King Fahd Industrial Port Yanbu, about 365 km north of Jeddah on Saudi Arabia's Red Sea coast, is best known as a key export point for the Kingdom's oil.
Soon, however, containers and general cargo may start to figure more prominently on the Port's agenda.
Exports of refined products, fuel oil, liquefied natural gas (LNG) and petrochemicals account for about 97 per cent of the total cargo throughput at King Fahd Industrial Port Yanbu.
Saudi Aramco's East/West crude oil pipeline, running 1,400 km from the country's Eastern Province to Yanbu, is a measure of the Port's role within Saudi Arabia's oil industry.

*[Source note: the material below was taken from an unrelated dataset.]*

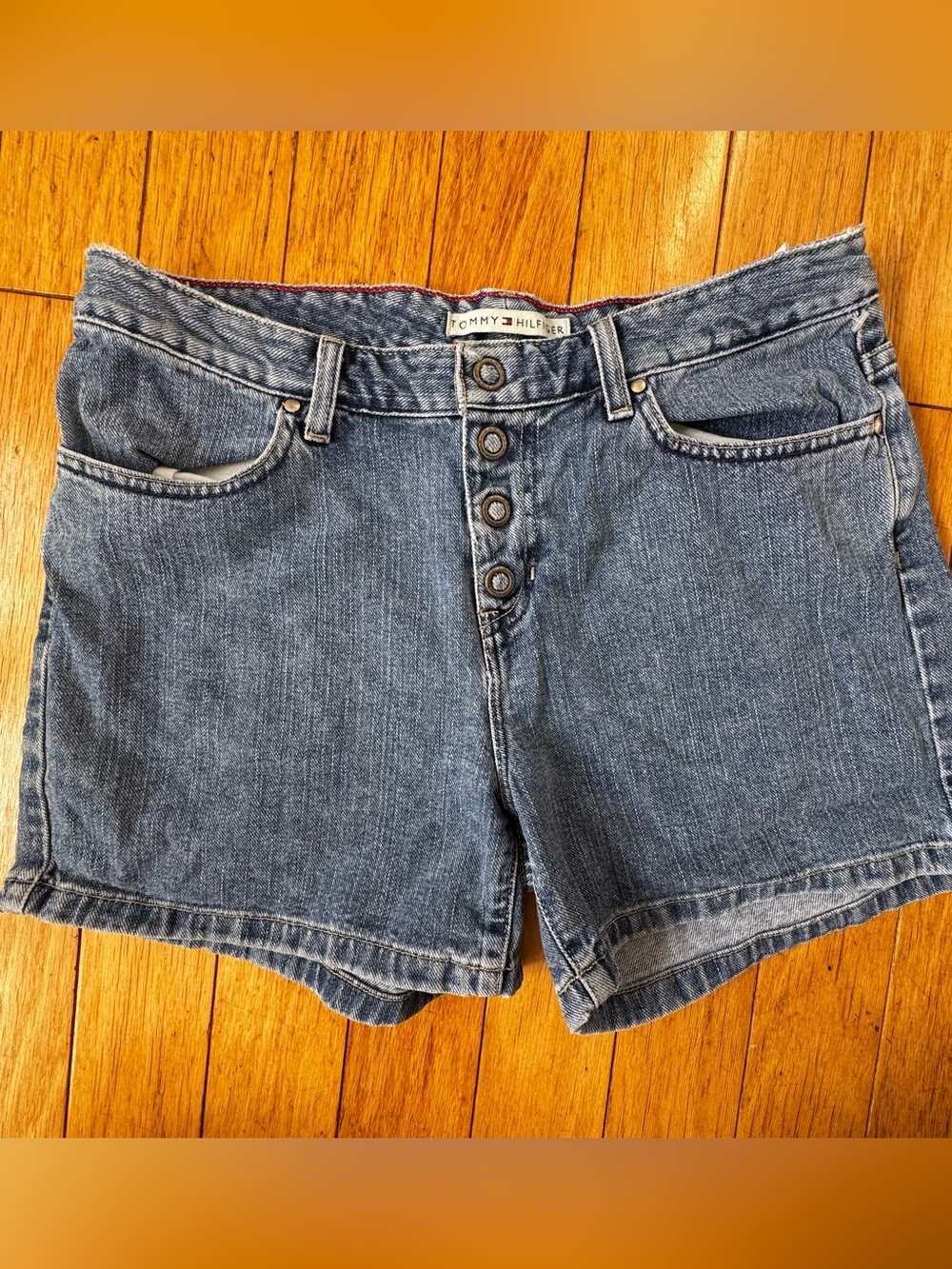 Vintage Tommy Hilfiger 90s Denim Mom Shorts Button Fly Size 8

The pipeline has a capacity of five million barrels per day (bpd), about 2.5 times the total daily crude oil consumption of France, according to Saudi Aramco.
Oil products will remain Yanbu's staple cargo, but the Saudi Seaports Authority (Seapa) has said that growth in Yanbu's industrial hinterland is also likely to boost the Port's limited box cargo throughput.
''Up to now, container handling at this Port has been relatively limited because companies in the surrounding area have generally elected to ship their containerised cargoes through Jeddah, which is only four hours drive away,'' the authority said.
''However, the local industry around Yanbu is expecting an increase of 600,000 tonnes of polypropylene and other petrochemical products this year and these shipments will be largely containerised,'' it added.
For now, though, box cargo volumes remain negligible - barely 3,000 teu last year.
Seapa believes that the predicted growth in container volumes at Yanbu will entice carriers into serving the Port directly, particularly on regional feeder services linking Yanbu with other Red Sea ports including Aqaba, Suez, Port Sudan and Jeddah.